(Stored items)

________________

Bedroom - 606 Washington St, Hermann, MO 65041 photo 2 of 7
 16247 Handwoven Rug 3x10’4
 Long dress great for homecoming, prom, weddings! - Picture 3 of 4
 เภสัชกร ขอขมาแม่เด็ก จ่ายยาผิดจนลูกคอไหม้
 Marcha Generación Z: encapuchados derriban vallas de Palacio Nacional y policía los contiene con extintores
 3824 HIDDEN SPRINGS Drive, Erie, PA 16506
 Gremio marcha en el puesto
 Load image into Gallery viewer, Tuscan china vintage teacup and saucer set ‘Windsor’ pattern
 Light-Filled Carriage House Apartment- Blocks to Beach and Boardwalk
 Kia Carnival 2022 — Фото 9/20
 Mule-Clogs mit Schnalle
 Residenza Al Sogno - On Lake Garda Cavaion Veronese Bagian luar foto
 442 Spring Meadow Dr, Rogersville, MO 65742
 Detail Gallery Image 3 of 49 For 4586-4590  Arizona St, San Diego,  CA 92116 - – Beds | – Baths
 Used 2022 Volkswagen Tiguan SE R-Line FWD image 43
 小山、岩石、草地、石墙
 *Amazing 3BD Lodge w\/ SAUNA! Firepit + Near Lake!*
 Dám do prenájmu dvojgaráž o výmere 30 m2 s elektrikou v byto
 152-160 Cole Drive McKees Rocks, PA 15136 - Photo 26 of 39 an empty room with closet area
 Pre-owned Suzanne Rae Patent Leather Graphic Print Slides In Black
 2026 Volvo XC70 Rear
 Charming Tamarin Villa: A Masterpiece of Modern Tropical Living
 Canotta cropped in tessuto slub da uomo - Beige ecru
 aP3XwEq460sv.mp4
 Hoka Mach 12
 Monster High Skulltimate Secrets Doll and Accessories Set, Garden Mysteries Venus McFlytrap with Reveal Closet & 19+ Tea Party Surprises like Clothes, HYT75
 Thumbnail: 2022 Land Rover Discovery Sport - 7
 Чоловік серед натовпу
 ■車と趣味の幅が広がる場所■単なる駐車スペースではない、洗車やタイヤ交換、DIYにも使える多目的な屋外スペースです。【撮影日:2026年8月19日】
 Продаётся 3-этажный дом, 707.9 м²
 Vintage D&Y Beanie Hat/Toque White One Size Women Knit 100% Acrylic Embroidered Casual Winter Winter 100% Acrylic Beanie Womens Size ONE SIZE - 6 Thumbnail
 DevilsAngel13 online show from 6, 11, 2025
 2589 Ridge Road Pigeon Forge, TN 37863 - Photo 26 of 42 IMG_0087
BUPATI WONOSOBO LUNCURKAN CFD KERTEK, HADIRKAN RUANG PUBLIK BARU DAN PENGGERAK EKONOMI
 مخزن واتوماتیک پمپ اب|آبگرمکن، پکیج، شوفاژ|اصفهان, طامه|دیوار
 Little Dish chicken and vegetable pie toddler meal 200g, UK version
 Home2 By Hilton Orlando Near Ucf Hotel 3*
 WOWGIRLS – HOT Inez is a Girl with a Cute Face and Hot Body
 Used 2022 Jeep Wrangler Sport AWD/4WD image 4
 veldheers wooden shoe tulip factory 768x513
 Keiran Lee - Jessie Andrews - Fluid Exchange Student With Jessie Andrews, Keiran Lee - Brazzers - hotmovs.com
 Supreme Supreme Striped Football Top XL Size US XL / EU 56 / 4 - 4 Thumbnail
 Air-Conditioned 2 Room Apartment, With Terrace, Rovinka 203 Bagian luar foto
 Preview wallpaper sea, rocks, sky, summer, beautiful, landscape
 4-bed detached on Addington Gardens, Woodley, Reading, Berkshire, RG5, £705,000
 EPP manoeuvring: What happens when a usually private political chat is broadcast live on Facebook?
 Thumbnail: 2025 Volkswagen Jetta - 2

________________

*Directions*.
Going line by line through the entries above, count each line that has the word "Bagian", then state the count alone.

*Solution*.
2